# Non-Stick soap molds



## stacy adams (Oct 29, 2007)

On advice from Vicki in a previous thread, I ordered the ebay-store non-stick soap mold. Actually, it was two molds, two cutters, one regular the other wavy and the cutter board-stop-thing.. I realized that I haven't made soap in a while because I got so frustrated lining all my molds with plastic and taping it all down and then trying to get it all unstuck and then cut - and of course trying to get all those cut pieces the same size and always having a couple of tiny end pieces.. I am so excited!! 
I had gone through the _entire_ list of molds before settling on this one only because they swear it will never need a liner.. :biggrin


----------



## Sondra (Oct 25, 2007)

Congratulations!!
I lined my molds with silicone so no liners needed


----------



## stacy adams (Oct 29, 2007)

How did you do that??


----------



## Sondra (Oct 25, 2007)

Got a tube of silicone and used my fingers and smoothed it on.


----------



## NubianSoaps.com (Oct 26, 2007)

I am right this minute talking to someone who makes customs molds. I want a knock off of the martha molds but that pours more soap. I want to pour a single large slab of soap that after you pour and swirl you snap in the deviders that makes it 3 or 4 logs. The first one will be about $25 more than the others, but once this one is made, then everyone can order via my custom mold their own...or at least I am hoping this..I don't want to have to buy them and then send them and pay double shipping!

Everyone I have contacted who has their molds loves them, says in the beginning you may have to spray with fake pam or mold release but after the first time or so you never have to even after washing. That the deviders in the beginning are tight and you have a hard time snapping them in and out but afterwards you will love them. So, I will keep you all updated.

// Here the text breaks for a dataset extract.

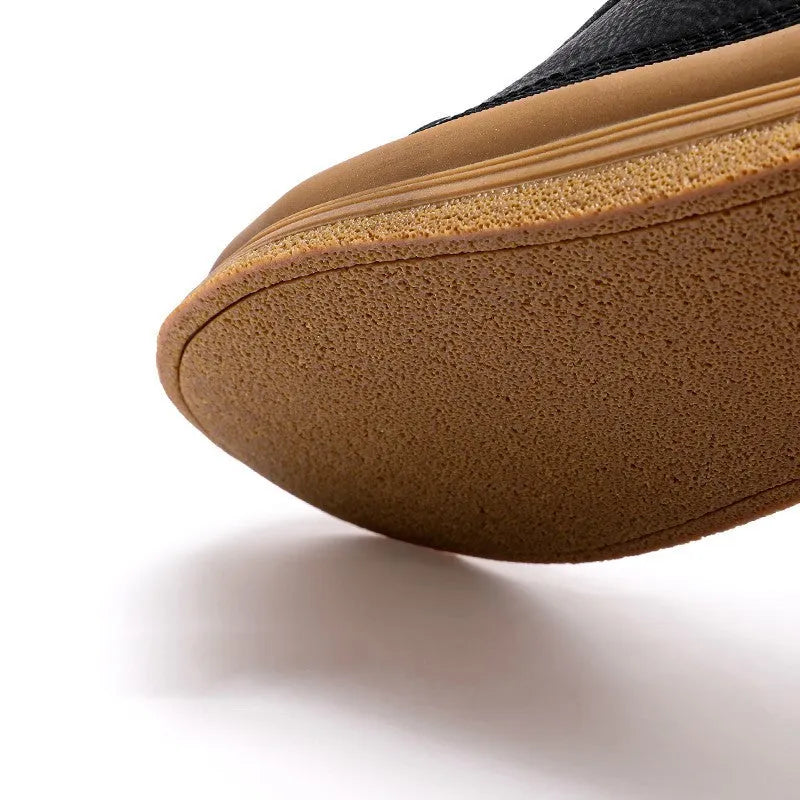 Men's black leather lace-up casual shoes with a round toe and flat rubber sole on a white background.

Sondra, I have my mold and my tubes and that is as far as it got with my kidding season from hell  Vicki


----------



## jimandpj (Mar 11, 2008)

Sondra - was it difficult getting the silicone smooth enough that you don't notice it in the final soap? Do you think it would work well with the Martha Molds? Mine have been used a lot and I'm noticing they're starting to stick a lot more.

Thanks,
PJ


----------



## Sondra (Oct 25, 2007)

no was not hard to do but like I said I used my fingers and wetted with water to smooth just like you would if you caulked a tub. nice and smooth. There is a thread in here I will go find so you can see the orginal topic.


----------



## Sondra (Oct 25, 2007)

http://dairygoatinfo.com/index.php/topic,1476.0.html


----------



## jimandpj (Mar 11, 2008)

Thanks Sondra, that was very helpful! 
PJ


----------



## Sondra (Oct 25, 2007)

my molds are curved so had to use my fingers.


----------